I learned from my extensive Googling that this process was called the “watch and wait” method. Some people use medication to speed things up, or undergo a medical procedure called a “dilatation and curettage,” or D&C, where they manually remove the remaining pregnancy tissue.
They also mentioned that it was normal to feel emotional, but they didn’t convey just how emotional I would feel or what emotions I could expect. I assumed there would be grief and sadness and anger, but I was surprised when I also found myself mired in confusion (how could this be happening to me?), fear (was I just too old, was my last baby going to be my last baby?), and most surprisingly, relief ― because having an answer, even a terrible one, was better than the agony of waiting.
I knew going into it that usually a miscarriage is brought on by a developmental anomaly, not the result of something the mother did. But knowing that didn’t keep me from asking the questions anyway. Was it that bag of mulch I insisted on carrying to the garden? Was it the fact that I wasn’t quite in the habit of taking my daily prenatal vitamin yet? Was it the caffeine or the one hot day that I didn’t drink enough water or that late night I spent on assignment? Was it me? Did I do this?

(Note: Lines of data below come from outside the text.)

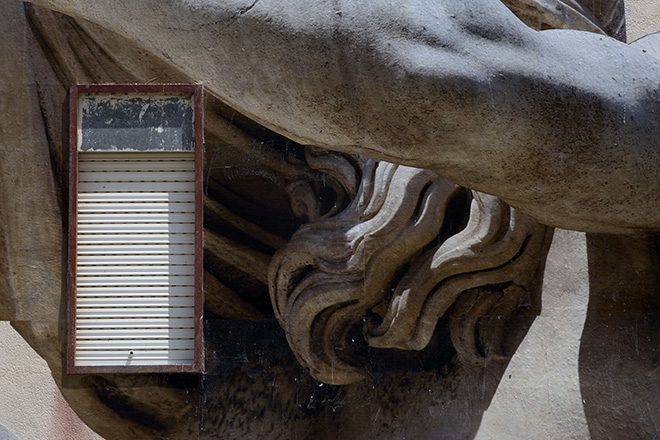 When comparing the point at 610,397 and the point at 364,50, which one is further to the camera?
the point at 610,397

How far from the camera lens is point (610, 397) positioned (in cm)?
114

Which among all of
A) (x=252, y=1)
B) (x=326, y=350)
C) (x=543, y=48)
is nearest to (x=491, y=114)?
(x=543, y=48)

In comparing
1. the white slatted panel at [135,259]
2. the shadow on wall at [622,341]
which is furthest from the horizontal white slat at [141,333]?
the shadow on wall at [622,341]

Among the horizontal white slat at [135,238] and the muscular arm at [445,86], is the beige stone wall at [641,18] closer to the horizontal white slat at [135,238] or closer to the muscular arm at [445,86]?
the muscular arm at [445,86]

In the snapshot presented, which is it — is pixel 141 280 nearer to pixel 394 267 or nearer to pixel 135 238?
pixel 135 238

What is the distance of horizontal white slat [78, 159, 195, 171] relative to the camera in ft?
3.67

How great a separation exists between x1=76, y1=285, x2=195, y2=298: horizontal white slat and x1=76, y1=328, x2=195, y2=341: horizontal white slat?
0.04 meters

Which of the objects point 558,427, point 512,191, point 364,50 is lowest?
point 558,427

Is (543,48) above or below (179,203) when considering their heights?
above

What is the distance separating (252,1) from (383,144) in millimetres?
193

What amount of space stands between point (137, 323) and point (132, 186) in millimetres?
163

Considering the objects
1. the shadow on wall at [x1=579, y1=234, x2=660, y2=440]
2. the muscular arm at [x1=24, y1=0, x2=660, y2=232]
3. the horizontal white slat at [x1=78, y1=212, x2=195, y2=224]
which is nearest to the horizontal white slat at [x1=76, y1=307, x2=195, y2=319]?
the horizontal white slat at [x1=78, y1=212, x2=195, y2=224]

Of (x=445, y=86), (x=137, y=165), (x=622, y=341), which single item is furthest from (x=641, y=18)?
(x=137, y=165)

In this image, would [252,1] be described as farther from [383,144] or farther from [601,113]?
[601,113] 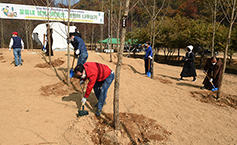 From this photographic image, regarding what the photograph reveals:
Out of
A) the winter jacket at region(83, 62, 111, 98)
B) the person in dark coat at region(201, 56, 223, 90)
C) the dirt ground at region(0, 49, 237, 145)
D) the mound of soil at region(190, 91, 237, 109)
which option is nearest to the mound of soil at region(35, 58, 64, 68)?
the dirt ground at region(0, 49, 237, 145)

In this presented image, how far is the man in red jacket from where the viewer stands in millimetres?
3492

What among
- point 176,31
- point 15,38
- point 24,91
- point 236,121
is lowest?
point 236,121

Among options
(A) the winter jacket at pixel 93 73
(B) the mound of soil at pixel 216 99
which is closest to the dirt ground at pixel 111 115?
(B) the mound of soil at pixel 216 99

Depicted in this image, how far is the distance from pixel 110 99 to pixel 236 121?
329 centimetres

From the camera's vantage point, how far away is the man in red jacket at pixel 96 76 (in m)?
3.49

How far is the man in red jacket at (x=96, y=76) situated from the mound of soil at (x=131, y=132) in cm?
62

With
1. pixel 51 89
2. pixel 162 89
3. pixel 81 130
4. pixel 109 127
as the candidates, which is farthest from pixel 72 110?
pixel 162 89

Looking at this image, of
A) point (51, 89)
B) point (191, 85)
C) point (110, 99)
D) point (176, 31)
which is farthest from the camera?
point (176, 31)

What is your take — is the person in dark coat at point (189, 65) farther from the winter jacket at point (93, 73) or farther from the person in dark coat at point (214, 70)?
the winter jacket at point (93, 73)

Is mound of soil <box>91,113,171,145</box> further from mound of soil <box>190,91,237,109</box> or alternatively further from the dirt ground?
mound of soil <box>190,91,237,109</box>

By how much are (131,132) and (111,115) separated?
2.94 ft

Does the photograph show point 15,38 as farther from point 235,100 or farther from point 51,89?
point 235,100

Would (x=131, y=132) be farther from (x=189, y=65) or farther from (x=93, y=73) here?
(x=189, y=65)

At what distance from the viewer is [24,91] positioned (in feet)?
Answer: 17.2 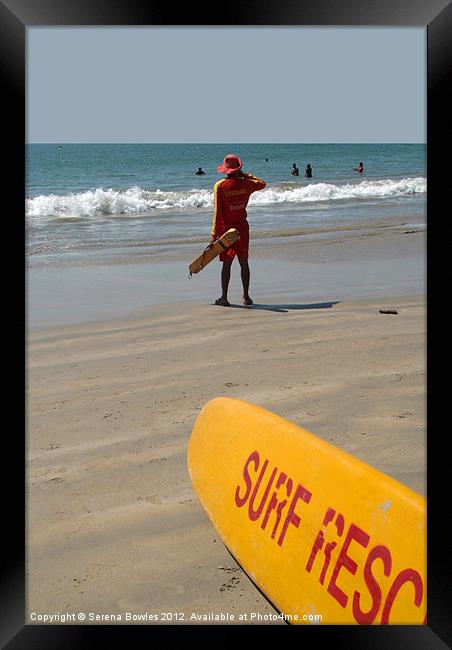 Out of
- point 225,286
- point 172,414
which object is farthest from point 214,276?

One in four women will experience a pregnancy loss in their lifetime. I have realized in the weeks since my own loss that I knew so little about miscarriages because we as women just don’t talk about it.
I don’t know why most of us don’t talk about miscarriage, but I know why I didn’t. Mine was an early loss. Not many people knew I was pregnant, so before I could turn to anyone I would first have to mention the baby, and I just couldn’t bear to start that conversation. It seemed easier for me to not have to explain, to not have to say how there was a baby but now there’s not, and oh my god I just can’t stop crying.
Now that I’m months removed, I can see that talking about it with someone who had been there before probably would have been easier than suffering in silence.
Since opening up about my miscarriage, I have been shocked to learn that I am surrounded by women who have suffered losses like this. Some of them have gone on to have more children, and some are still trying, despite heartache after heartache.
I believe that there is a power in sharing our experiences with one another because it lets us know we’re not alone. It destigmatizes the process and gives others a better idea of what to expect if it happens to them. Nobody should ever have to go through a loss feeling confused and alone when they are surrounded by women who have been there before. Miscarriages happen, but they don’t have to happen in silence.